__Assignment__.
The listing below should be reproduced precisely, except for its images.

__Data below__.
+++

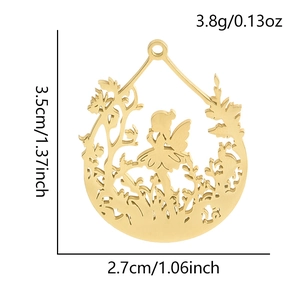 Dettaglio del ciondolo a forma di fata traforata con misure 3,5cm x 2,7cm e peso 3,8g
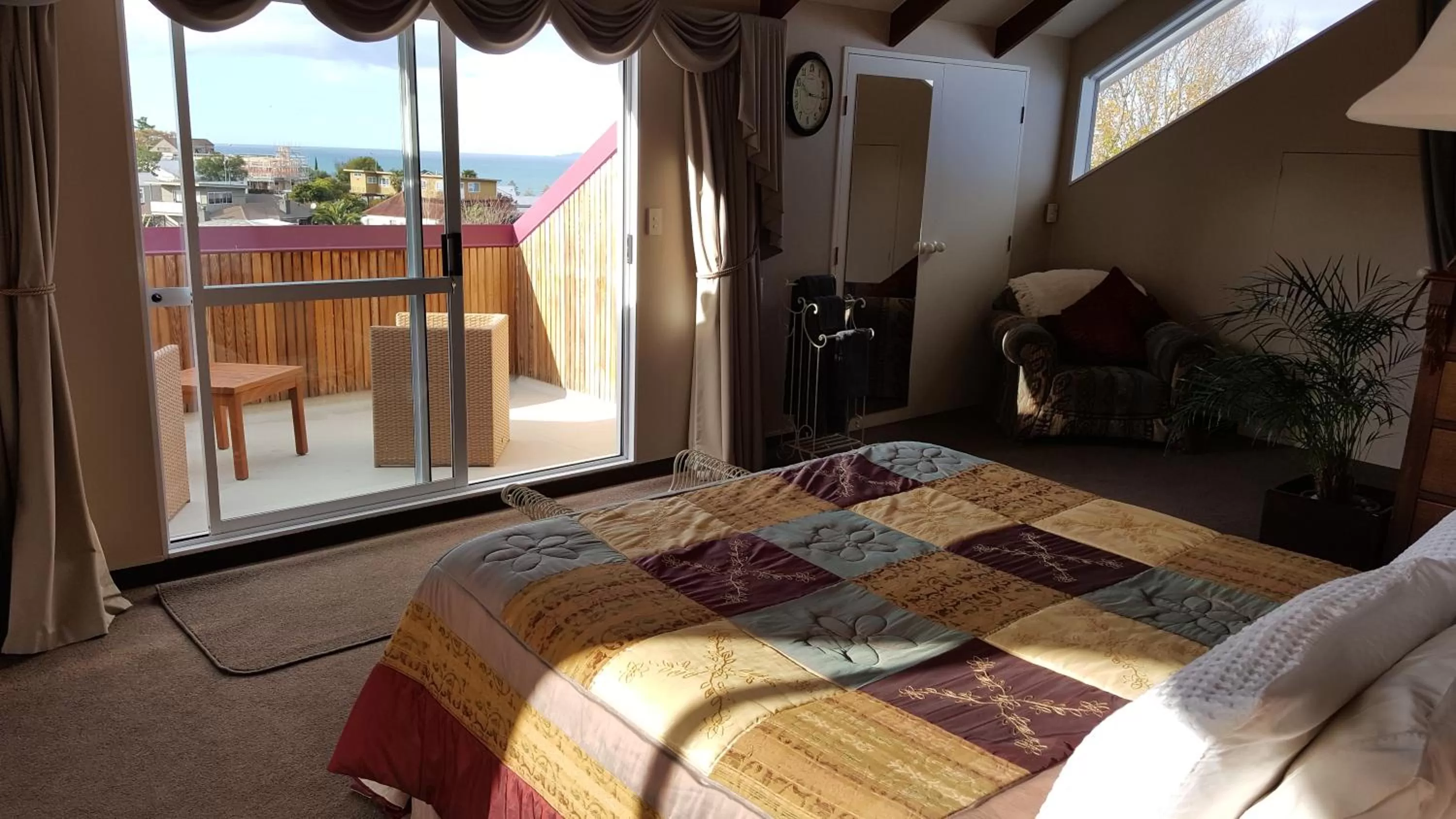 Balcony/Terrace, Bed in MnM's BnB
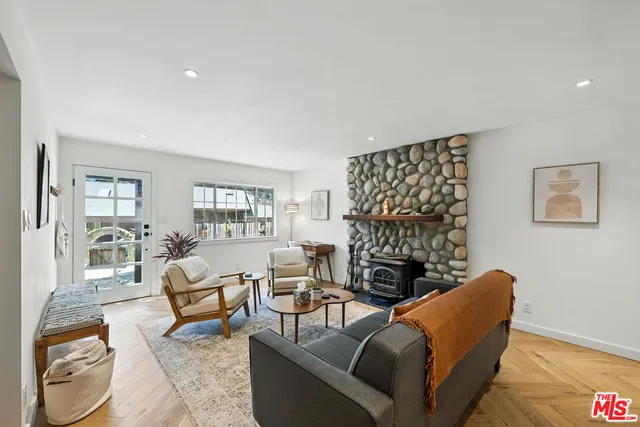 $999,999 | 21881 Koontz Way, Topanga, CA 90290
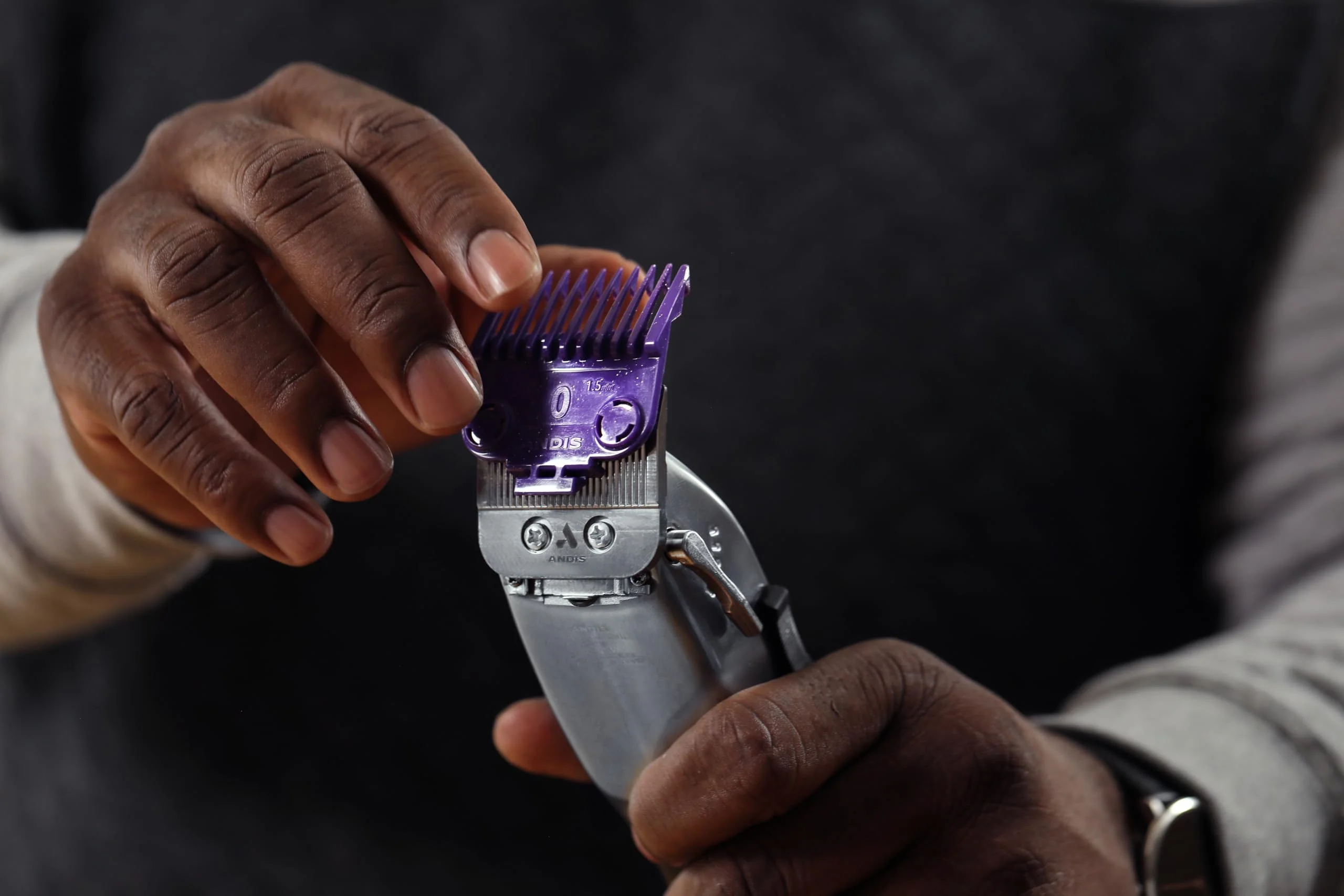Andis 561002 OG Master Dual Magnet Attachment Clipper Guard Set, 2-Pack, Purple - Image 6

+++

__Result below__.
 Dettaglio del ciondolo a forma di fata traforata con misure 3,5cm x 2,7cm e peso 3,8g
 Balcony/Terrace, Bed in MnM's BnB
 $999,999 | 21881 Koontz Way, Topanga, CA 90290
Andis 561002 OG Master Dual Magnet Attachment Clipper Guard Set, 2-Pack, Purple - Image 6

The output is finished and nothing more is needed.